State v. Gaudina, 95,854.

Decision Date22 June 2007
Docket NumberNo. 95,854.,95,854.
Citation160 P.3d 854
PartiesSTATE of Kansas, Appellee, v. Robert J. GAUDINA, Appellant.
CourtKansas Supreme Court

Stephen B. Chapman, of Olathe, was on the brief for appellant.

Steven J. Obermeier, assistant district attorney, argued the cause, and Paul J. Morrison, district attorney, and Phill Kline, attorney general, were with him on the brief for appellee.

The opinion of the court was delivered by LUCKERT, J.:

This case raises the question of whether time spent in prison beyond the prison term can reduce the term of postrelease supervision.
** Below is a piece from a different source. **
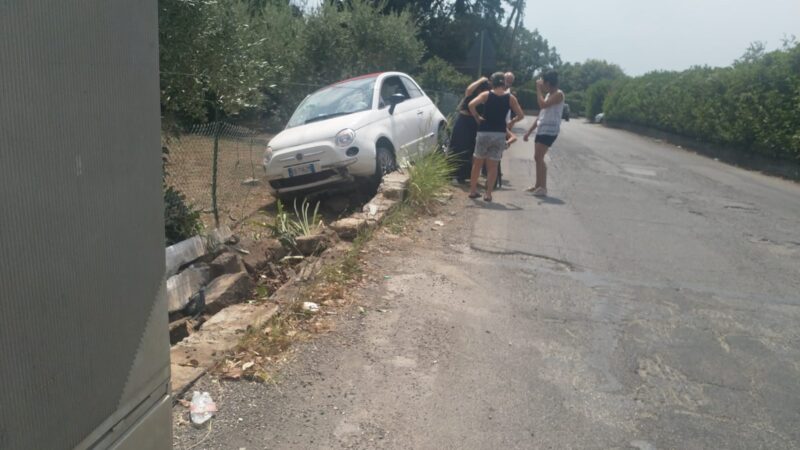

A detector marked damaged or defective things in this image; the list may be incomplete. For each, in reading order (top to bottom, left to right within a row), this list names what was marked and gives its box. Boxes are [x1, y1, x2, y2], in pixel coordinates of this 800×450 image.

The question arises after Robert Gaudina's sentence was vacated on appeal and the prison term imposed on remand was for a shorter time than the time Gaudina had already served. Gaudina seeks to credit that excess period of imprisonment against the postrelease supervision portion of his sentence. We hold Gaudina is not entitled to have the prison time credited against the postrelease supervision time and reject his statutory construction, double jeopardy, and equal protection arguments.

To place the issue in its factual context, we must consider the history of Gaudina's two prior appeals. Gaudina was convicted by a jury in May 1996 of aggravated burglary and aggravated battery. At a sentencing hearing conducted August 15, 1996, the trial court granted the State's motion for upward departure and imposed consecutive sentences that were double the maximum presumptive sentences for each conviction. The total sentence was for a prison term of 150 months with 36 months of postrelease supervision. The Court of Appeals affirmed on direct appeal in State v. Gaudina, No. 78,698, 996 P.2d 850, unpublished opinion filed February 18, 2000, rev. denied 269 Kan. 936 (2000) (Gaudina I). See Gaudina v. State, 278 Kan. 103, 92 P.3d 574 (2004) (Gaudina II, decision includes case's history).

Approximately 4 months after the decision in Gaudina I, the United States Supreme Court decided Apprendi v. New Jersey, 530 U.S. 466, 120 S.Ct. 2348, 147 L.Ed.2d 435 (2000), and required any fact used to increase the penalty for a crime other than a previous conviction to be submitted to a jury and found beyond a reasonable doubt. This change in sentencing laws led to our Kansas decision in State v. Gould, 271 Kan. 394, 413, 23 P.3d 801 (2001), in which this court found K.S.A.2000 Supp. 21-4716 unconstitutional on its face because it allowed a judge rather than a jury to find that aggravating factors justified an increase in the length of a sentence beyond the presumptive sentence. The Gould court also held that Apprendi would not be given retroactive effect. 271 Kan. at 414, 23 P.3d 801.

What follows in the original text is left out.